WHAT IS NEEDED. Every entry below has to appear again in your reply, word for word, but no picture may.

TASK MATERIAL.
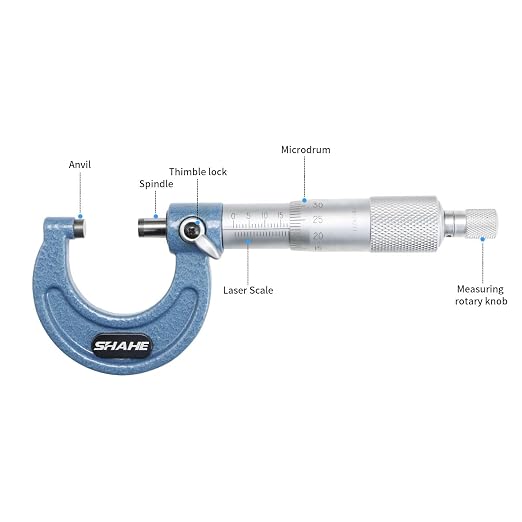 SHAHE 0-1''/0-25mm 0.01mm Outside Micrometer Gauge Micrometer Measuring Tool 5201-25A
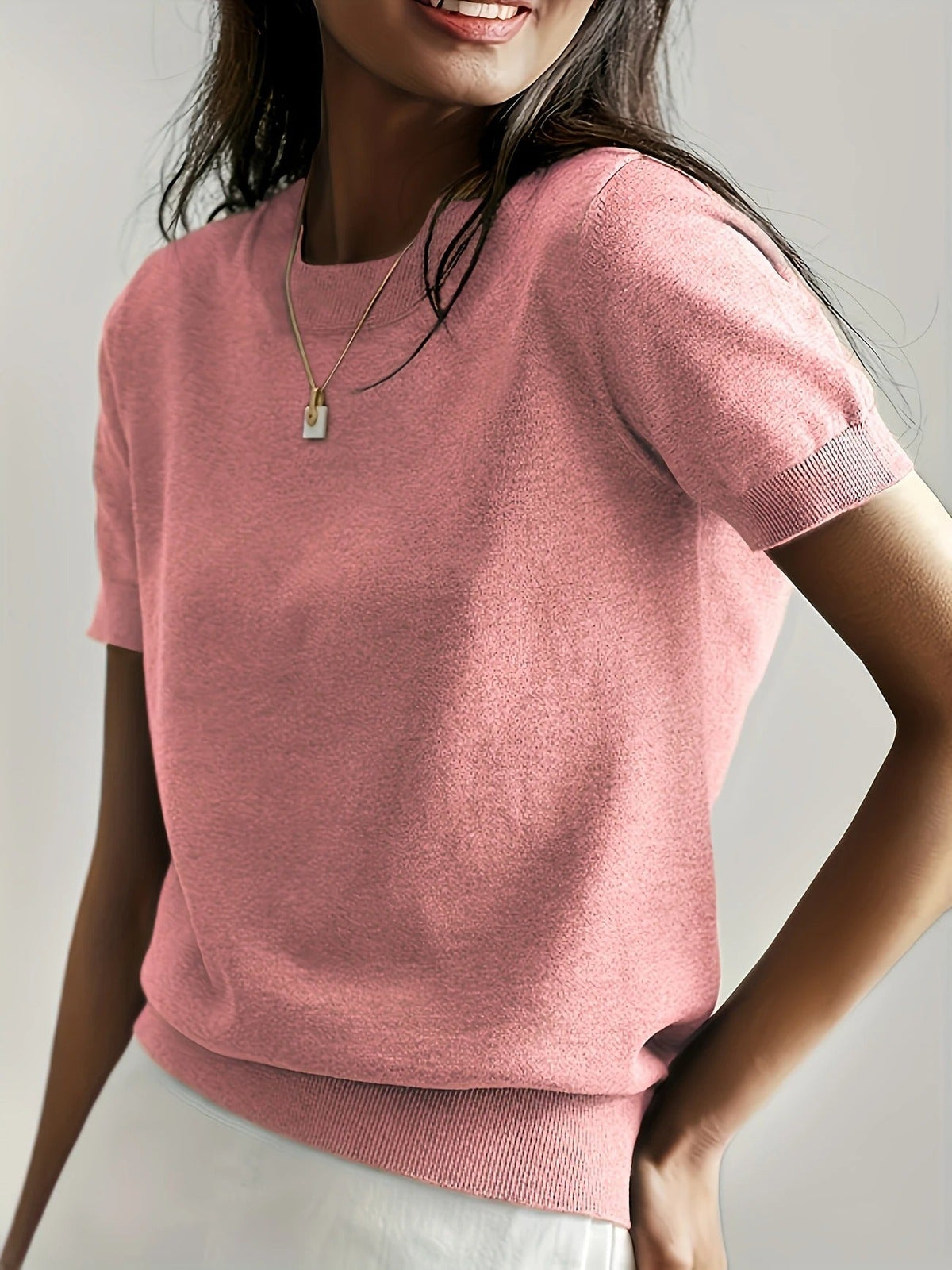 Women's Crew Neck Short Sleeve Knit Tee – Ribbed Hem Fine Knit Jumper Top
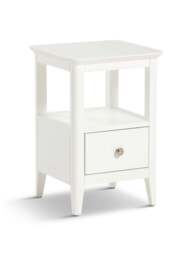 Barker and Stonehouse Springwell Wooden 1 Drawer Bedside Table in White - thumbnail 1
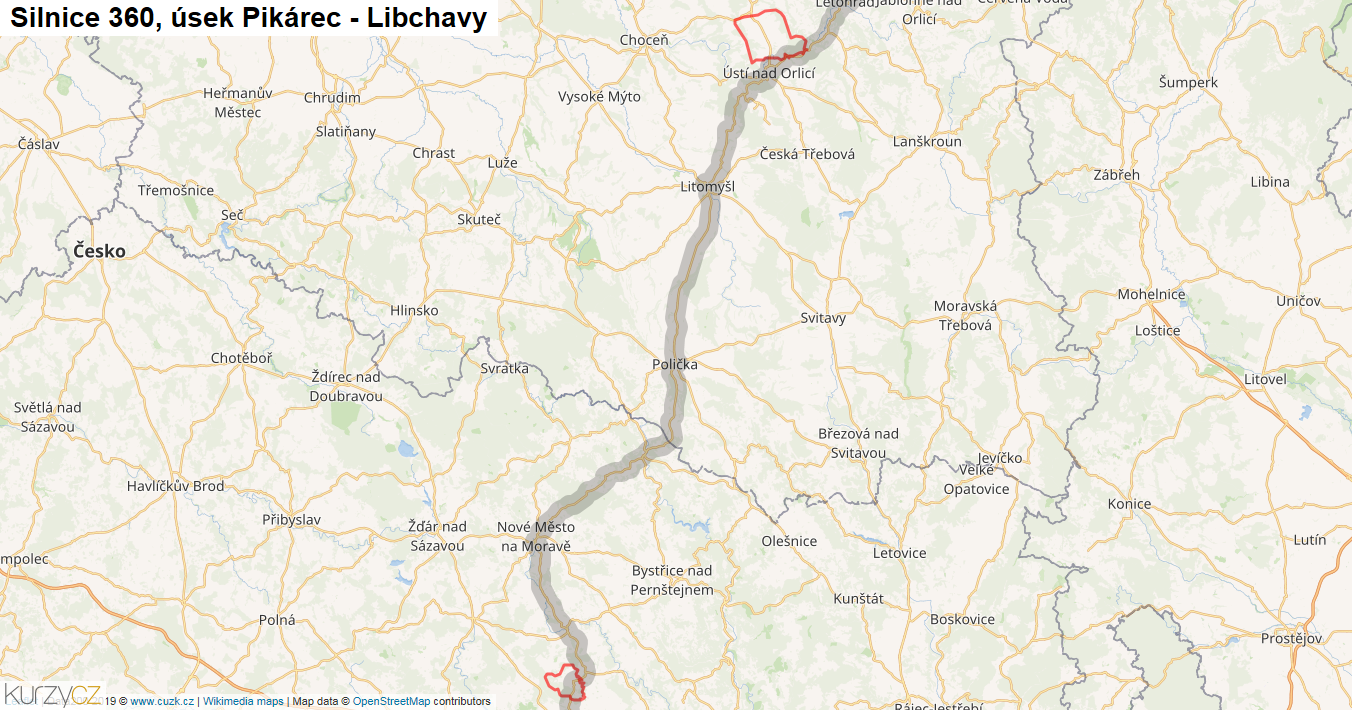 Úsek Pikárec - Libchavy, Silnice 360 - Mapa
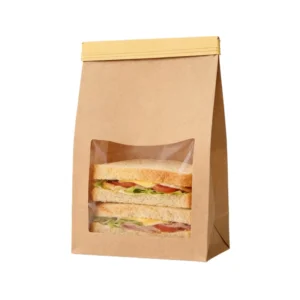 Custom Printed Recyclable Kraft Paper Bag for Sandwich Breakfast Takeaway Packaging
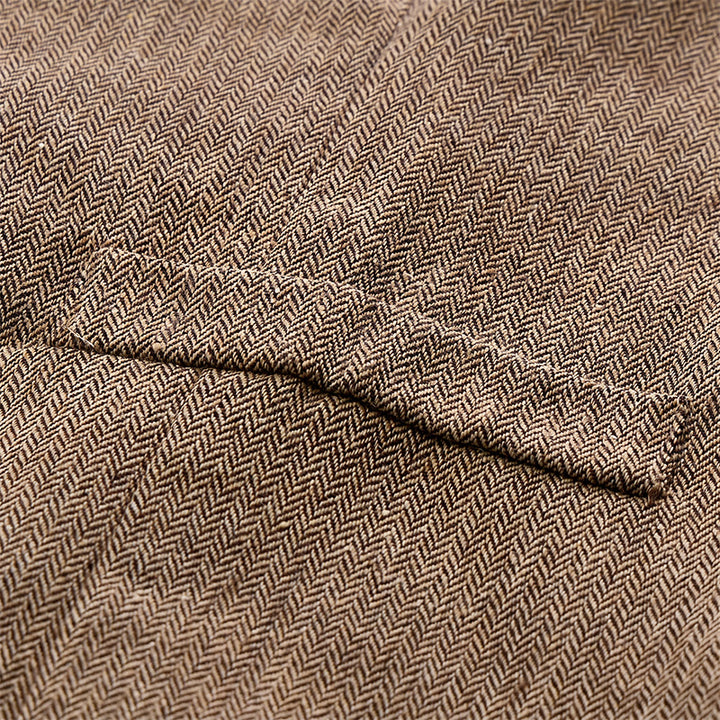 Ensemble 2 pièces pour homme : gilet de costume kaki rustique avec nœud papillon à motifs cachemire. - image 7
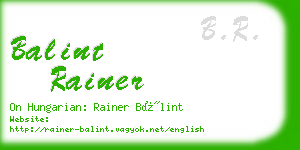 balint rainer business card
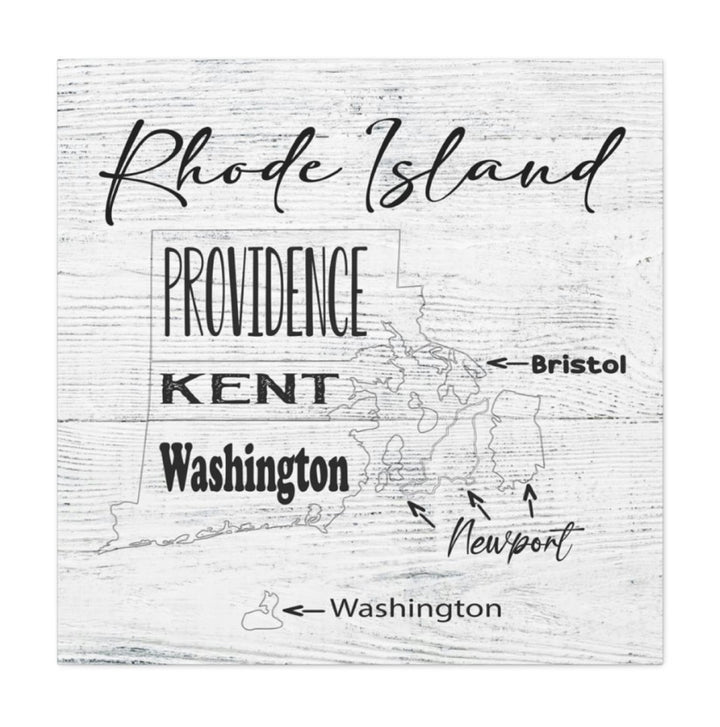 Rhode Island County License Plate Map Wrapped Canvas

COMPLETED EXERCISE.
 SHAHE 0-1''/0-25mm 0.01mm Outside Micrometer Gauge Micrometer Measuring Tool 5201-25A
 Women's Crew Neck Short Sleeve Knit Tee – Ribbed Hem Fine Knit Jumper Top
 Barker and Stonehouse Springwell Wooden 1 Drawer Bedside Table in White - thumbnail 1
 Úsek Pikárec - Libchavy, Silnice 360 - Mapa
 Custom Printed Recyclable Kraft Paper Bag for Sandwich Breakfast Takeaway Packaging
 Ensemble 2 pièces pour homme : gilet de costume kaki rustique avec nœud papillon à motifs cachemire. - image 7
 balint rainer business card
 Rhode Island County License Plate Map Wrapped Canvas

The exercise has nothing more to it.